Weber explained that the executive county superintendent approved the request by Chatham to use its capital reserve funds to replace the Department of Special Services building. 

"The use of capital reserve funds has no impact on taxes," Weber said. "Capital reserve funds cannot be used for operating expenses such as hiring additional teachers, counselors, health care expenses and other needs. The use of capital reserve does not increase taxes."

Weber explains the board's view on capital reserve and the use of $2.1 million to replace the special services building and house the BOE administrative offices in a new structure.

Chatham resident Bill Heap doesn't think the BOE should "be in the real estate business" and asks the board to reconsider its plan to move the administrative offices out of the municipal building

At this time, the board is considering whether to construct the new building at the current site of the Department of Special Services or to build behind Gym C at Chatham High School, which would allow for classrooms to be built on the second floor, if needed, in the future.

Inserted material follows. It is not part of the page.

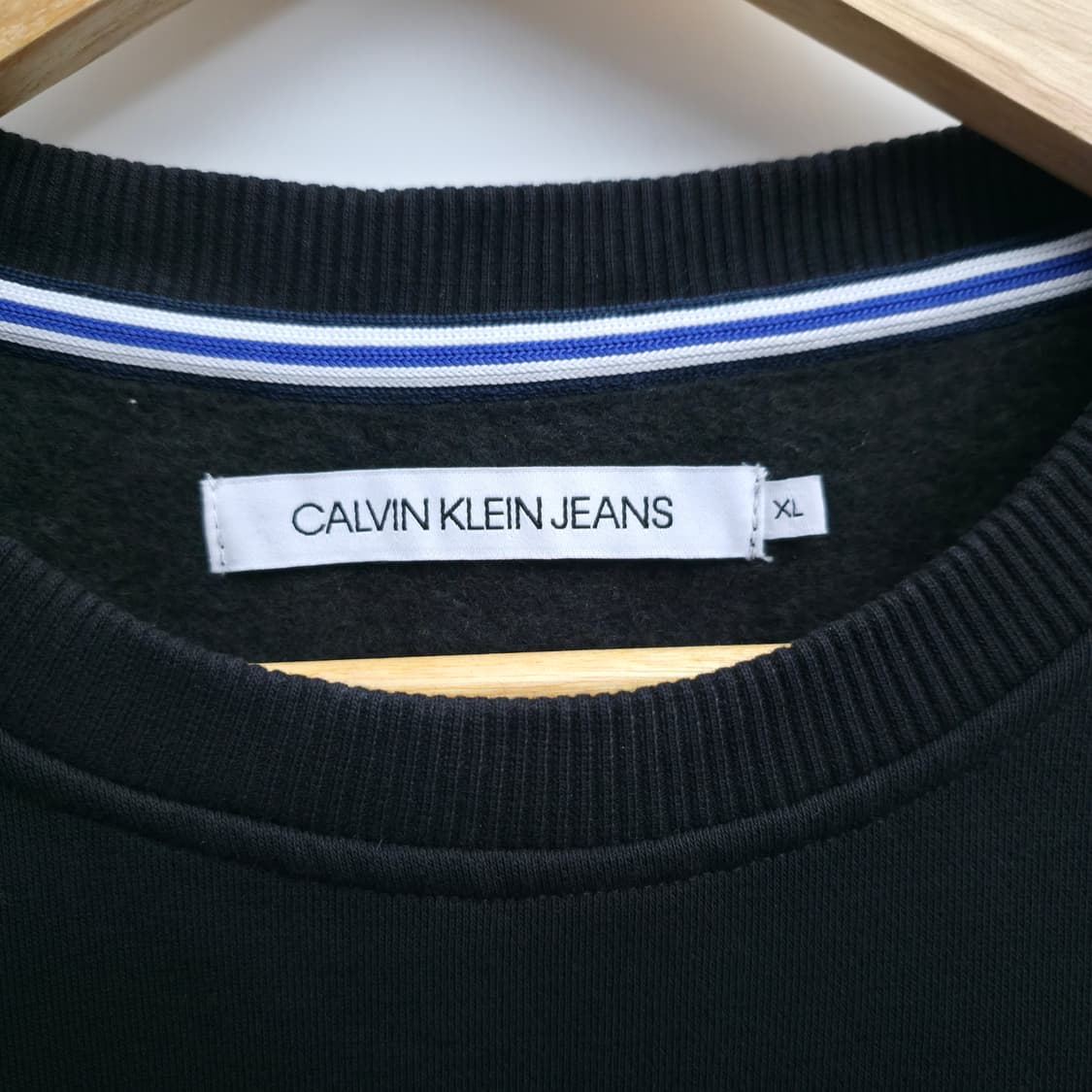 [XL] CK 캘빈클라인 블랙 로고 맨투맨 상품이미지4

"We're assessing every possible location," Chatham Superintendent Dr. Michael LaSusa said. "One of them of course is the current location of the special services building. We want to make sure we analyze ever possible space we could place the building. Another space is right behind the C Gym of the high school. If we built a one-story structure there, we oould potentially build second story for classrooms if we needed additional classrooms in the future. Those are the two primary sites we're looking at."

In other business, Peter Daquila, board secretary/administrator, announced that Chatham will save $590,000 in interest over the length of the 20-year bond sold to finance the $15.8 capital improvement projects approved through a referendum vote on Sept. 27, 2016. The interest rate Chatham will pay is 2.9 percent compared to the projected rate of 3.25 percent.